Thinking like a leader
Mayuko says the module forces you to read your teammates non-verbal communication signs. By understanding their body language, or facial expressions, you realize how people communicate in different ways and can look for signs of discomfort or unease.
“Some people aren’t as vocal about the pain or what their body conditions are,” she explains. “We had one of the girls in our team almost pass out on third day, but she didn’t mention it until the very last minute.
“If you are a leader you would think, if this was a business setting, it would be equivalent of someone on the verge of a breakdown or leaving your organization, and they might not be vocal about it until they’re at that point that they’ve decided they want to quit.”
This makes you more aware of the impact of your decisions on your teammates, Mayuko explains. If you treat your team like an organization, how do you keep your employees happy?
Learning from MBA alumni
The MBA students were grouped together on the Gobi Desert module, and the participants from the Global Executive MBA (GEMBA) and alumni were joined together.
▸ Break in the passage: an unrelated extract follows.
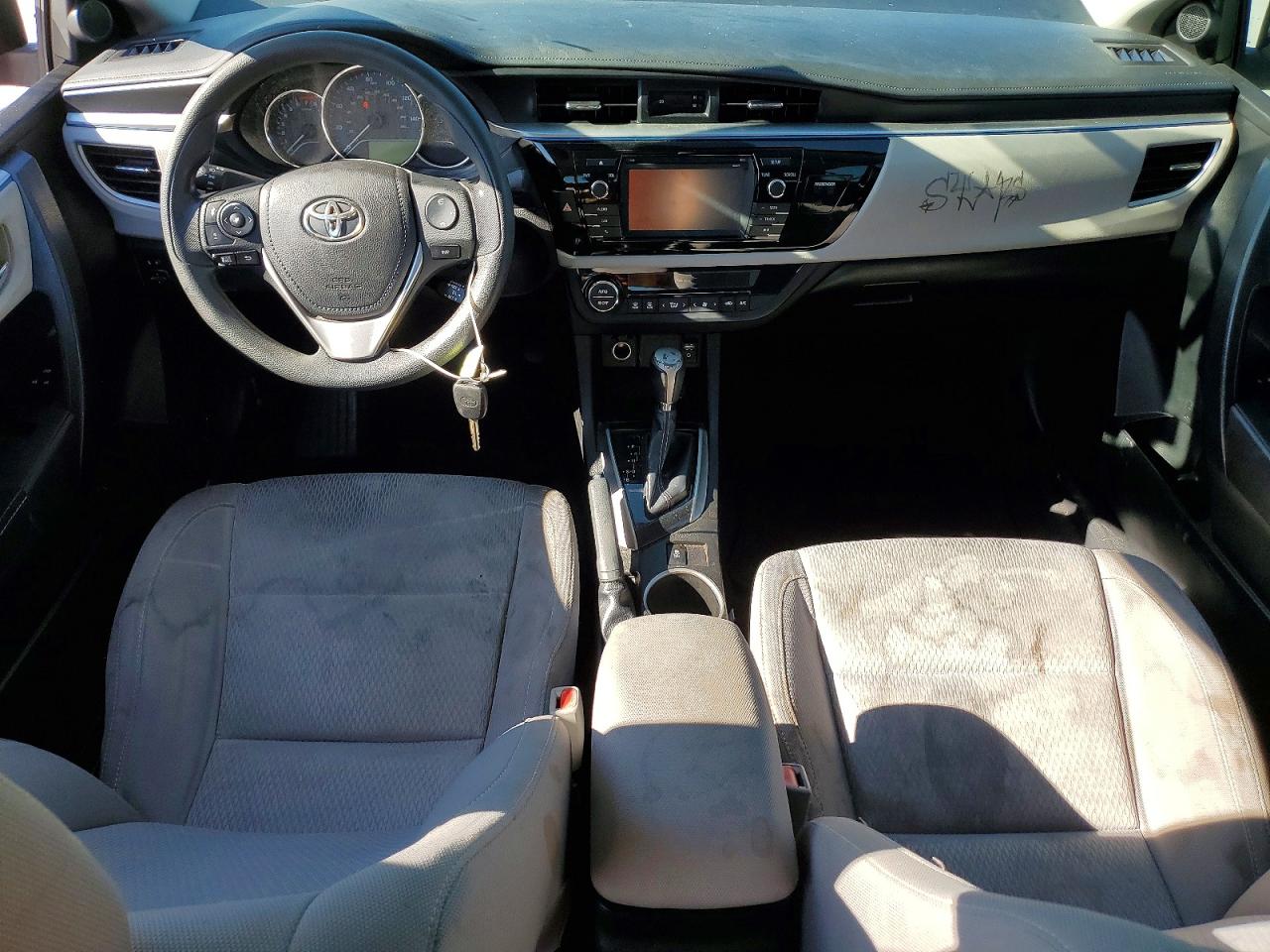 2016 TOYOTA COROLLA L photo 8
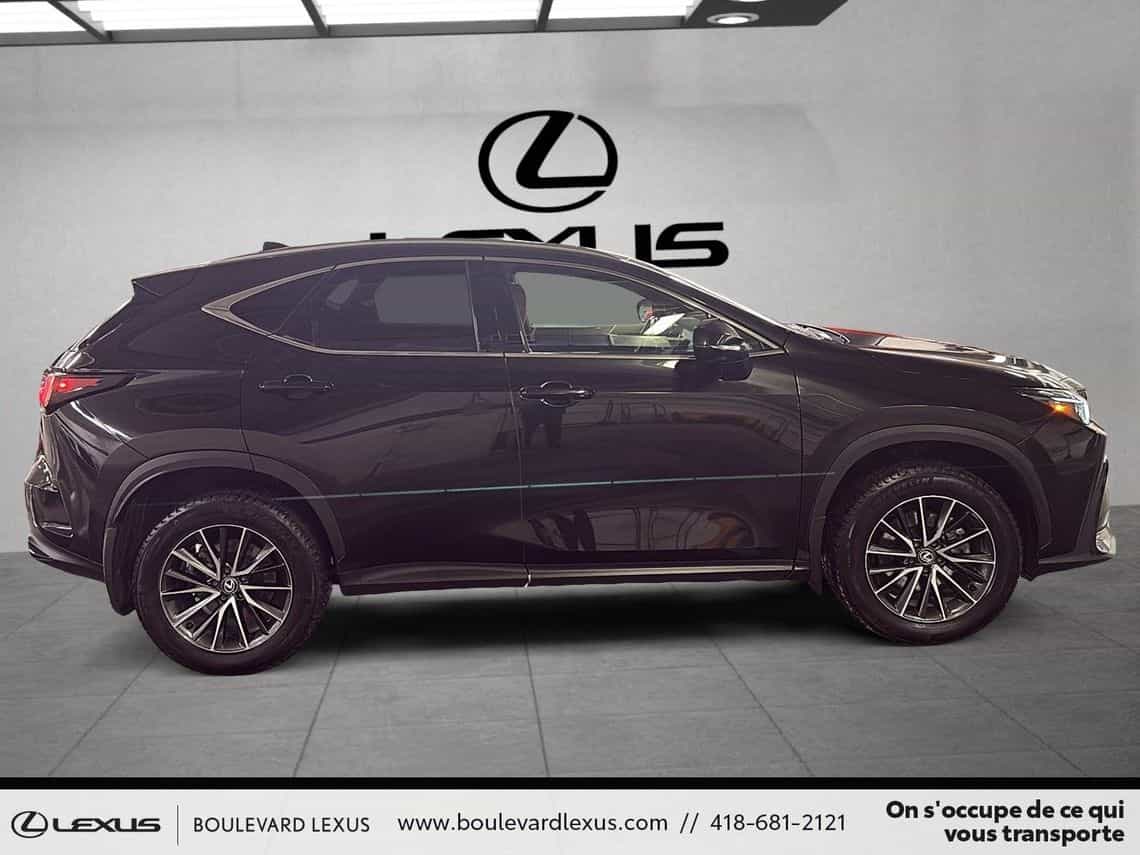 2024 Lexus NX 350H Premium - Image 3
Mayuko says that it became apparent very early on how competitive the alumni were.
“We have a lot to learn from them, because the MBAs tend to look at is as a test that needs to be completed. Out attitude was done is better than perfect, but they were very serious about devising strategy and thinking of it as a real learning experience.
“If you don’t give your 100% you don’t really get the full learning experience, and they were a living example of that.”
EJ, a CEIBS MBA graduate from 2010, says is was one of the best modules he has been a part of.
He says his team was the most aggressive and competitive, and it became very apparent to him as well that those who had already graduated from CEIBS approached the module with a winner takes all mentality.
He also admits that for alumni, though they’ve graduated and occupy management positions around the world, there are some strong learning curves.
“The second day was the longest stretch, and you could see how people react when they are really exhausted, pushed into a corner. You can see how they would make decisions, so that brings out a very good part of leadership.”
EJ has almost 10 years’ experience post-MBA. He’s been in positions where he’s had to make tough decisions at work, but says when you’re forced to, and it’s part of the framework of the module, it comes down to one simple thing: If you know your objective your decisions will be easier to make.
And 10 years on, the MBA keeps giving.
“CEIBS has been a great school for me,” EJ says. “I not only changed my industry post-MBA, but my salary has gone up nearly five times what I earned before.
“CEIBS opened up my mind about the world and China and I would say that is instrumental in where I am today.”